15 Temmuz gecesi neler yaşandı? Eşi şehit olan 15 Temmuz gazisi Vahide Şefkatlioğlu A Haber’de
15 Temmuz hain darbe girişiminin 7. yıl dönümü. FETÖ ihanet şebekesinin işgal ettiği noktalardan biri de Atatürk Havalimanı oldu. O karanlık gecede neler yaşandı, millet darbecilere nasıl dur dedi? A Haber muhabiri Mehmet Karataş’ın konuğu olan 15 Temmuz gazisi Vahide Şefkatlioğlu canlı yayında anlattı.
FETÖ ihanet çetesinin ülkeyi ele geçirmeye çalıştığı 15 Temmuz'un üzerinden tam 7 yıl geçti.
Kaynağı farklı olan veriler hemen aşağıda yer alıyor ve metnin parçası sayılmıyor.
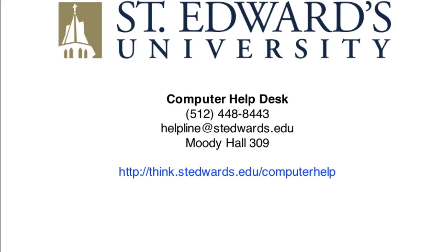If you have any other questions, contact the Computer Help Desk at 512-448-8443 or send us an email at helpline at setwords.edu. Thank you.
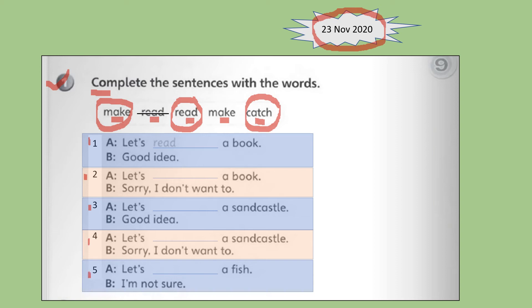Number one has been done for you. There are two persons reading a dialogue. A says: Let's read a book. B responds: Good idea. For number two, the sentence is: Let's blank a book. What is the correct answer — make, read, or catch? Try to find out the answer and write it down for number two.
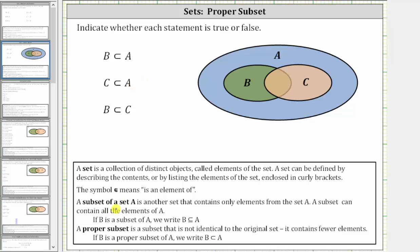A subset of a set A is another set that contains only elements from set A. A subset can contain all elements of A. So if B is a subset of A, all the elements of B are in set A, and the two sets could be identical. We state B as a subset of A using this notation here — it might be helpful to think of the less than or equal to inequality symbol.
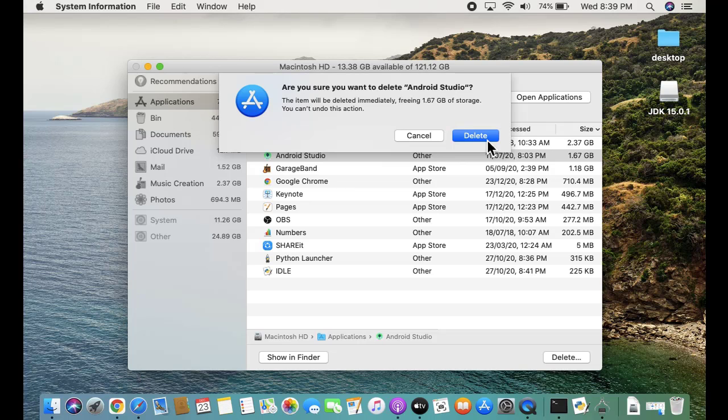So guys, in this video we saw how we can easily delete Android Studio, i.e., remove or uninstall it from Mac. If you liked the video, do subscribe to our channel OmnitThings.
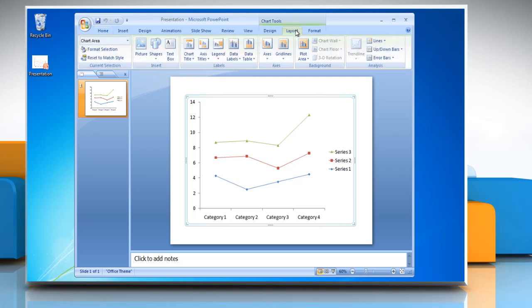Now click on the layout tab. In the axis group, click on grid lines.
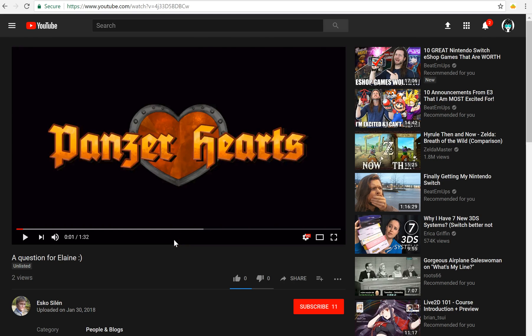Hello everyone, I'm here bringing you another Ren'Py tutorial. Today I got an interesting question from Eric of Panzerhearts.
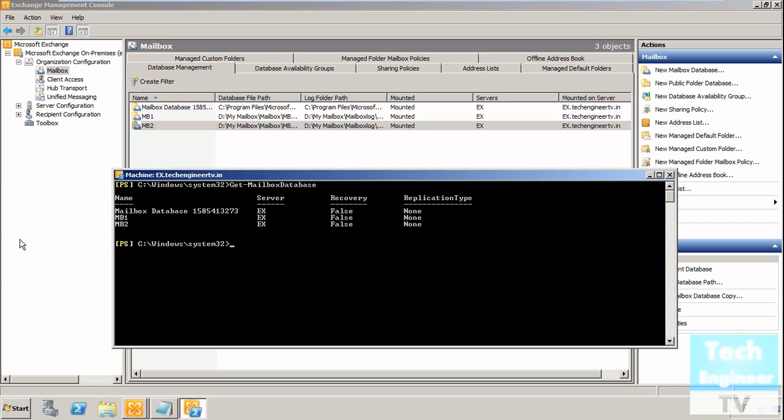Now we need to remove any of the desired mailboxes. For example, I'll give remove-mailbox database -identity= and then the desired mailbox.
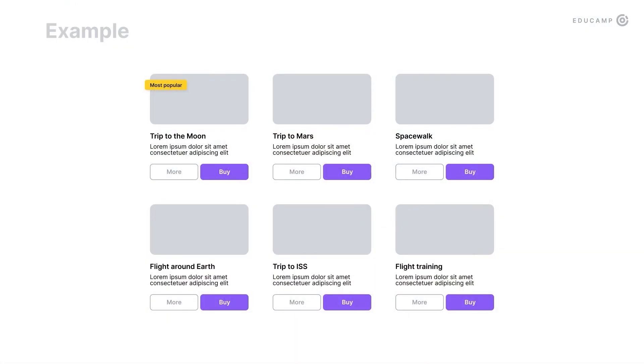One more example you have certainly used is the accent. If you want to draw users' attention, you can put an accent on an element. But it is important not to overdo it — if you put an accent on every other element, you lose users' focus.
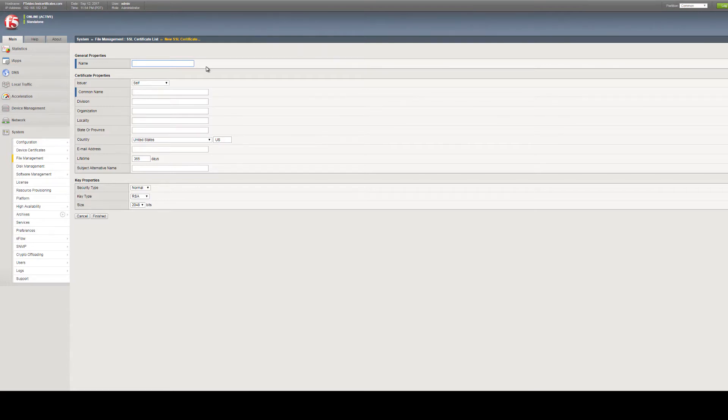Here is where you will create your certificate signing request. Under General Properties, provide a name for your certificate.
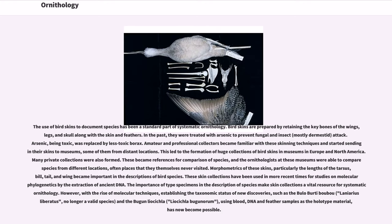Museum bird collections continue to act as a resource for taxonomic studies. The use of bird skins to document species has been a standard part of systematic ornithology. Bird skins are prepared by retaining the key bones of the wings, legs, and skull along with the skin and feathers. In the past they were treated with arsenic to prevent fungal and insect attack; arsenic, being toxic, was replaced by less toxic borax. Amateur and professional collectors became familiar with these skinning techniques and started sending skins to museums, leading to the formation of huge collections in Europe and North America. Morphometrics of these skins — particularly the lengths of the tarsus, bill, tail, and wing — became important in the descriptions of bird species. These skin collections have been used in more recent times for studies on molecular phylogenetics by the extraction of ancient DNA.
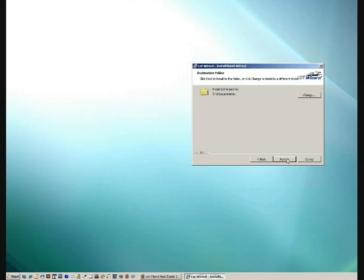Install LotWizard to C:\Friday Systems. Drive C is my primary hard drive, so that's okay — I'm just going to hit Next.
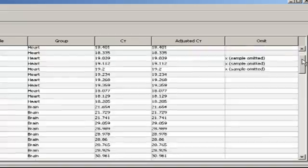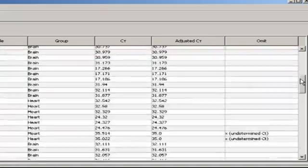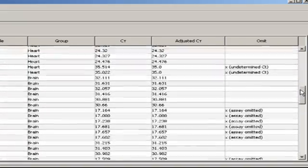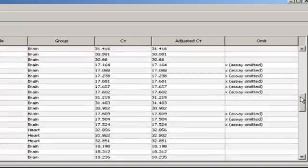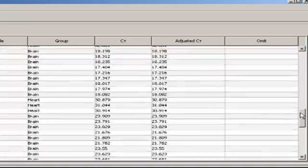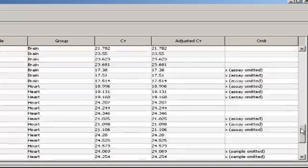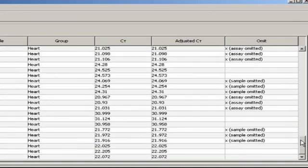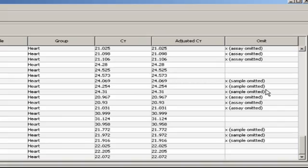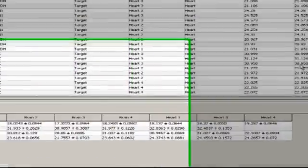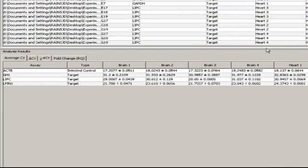It appears that we have a few individual wells that were omitted, and you can also see where we manually omitted GAPDH. In the lower section, the various delta-delta CT calculations are broken down.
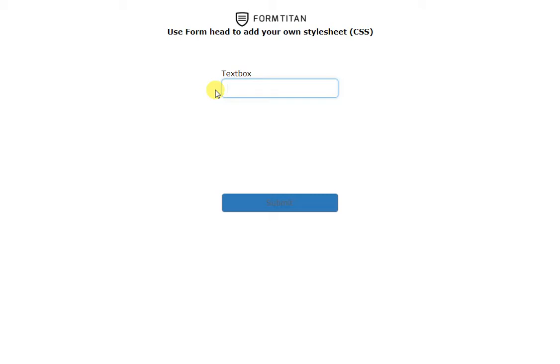That's how easy it is to use stylesheets or your own stylesheets with Form Titan. Thank you very much.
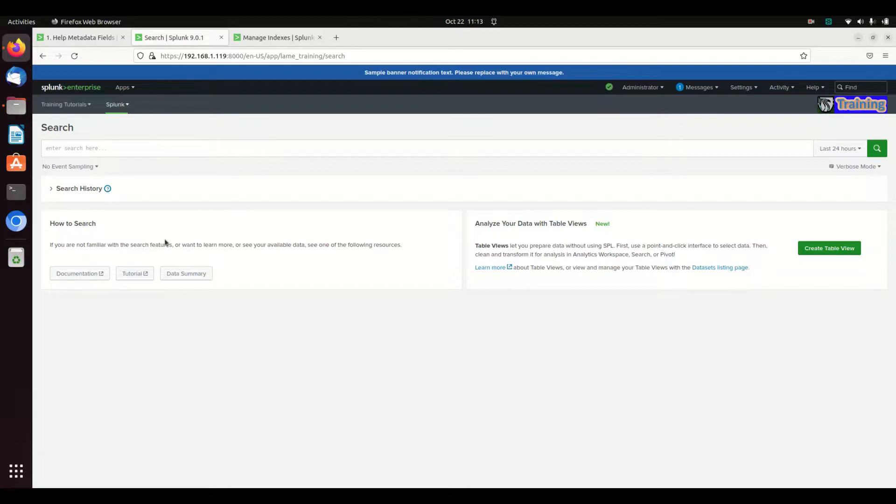For example, if you have Splunk running and you're reading logs from an internal log source on your machine, the host will be your machine, localhost, etc.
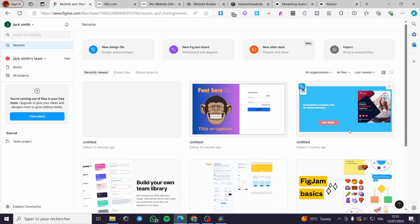How to publish a Figma design to a website. Hello guys and welcome to this new tutorial. Today I am going to show you how you can share and embed Figma designs into your websites. It is very easy and simple — all you have to do is follow the tutorial from beginning to end.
Milletin silahını millete doğrultan hainler o gece halkın mücadelesiyle yok edildi. Darbeciler tek tek yakalanarak cezaları kesildi.
252 vatan evladının şehit düştüğü 2 binden fazla insanımızın gazi olduğu o karanlık gecede işgal edilen yerlerden biri de Atatürk Havalimanı oldu. İnsanlar akın akın oraya giderek hainlerin elinden orayı kurtardı ve Başkan Recep Tayyip Erdoğan ile birlikte darbecilere geçit vermedi. A Haber muhabiri Mehmet Karataş'ın konuğu olan o karanlık gecenin aydınlığa çıkmasını sağlayan 15 Temmuz gazisi Vahide Şefkatlioğlu hem şehit Mehmet Fatih Şefkatlioğlu'nu hem de yaşadıklarını canlı yayında anlattı.
15 Temmuz gazisi Vahide Şefkatlioğlu'nun öne çıkan sözleri:
"O gün eşimle beraber alışveriş yapmıştık akşam yemek yedikten sonra evimizi boyamaya başladık. Eşime o gün çay verdim ve uyumaya gittim. O da namaz kıldıktan sonra uyuyacağını söyledi. Telefonum çaldı kardeşim aradı ve darbe olduğunu söyledi. Benim aklıma direkt olarak Suriye geldi orada yaşananlar geldi. Vatan elden gidiyor diye eşimin yanına koştum. Eşim hemen televizyonu açtı ve bende o sırada 25 yaşında olan oğlumun yanına geçtim.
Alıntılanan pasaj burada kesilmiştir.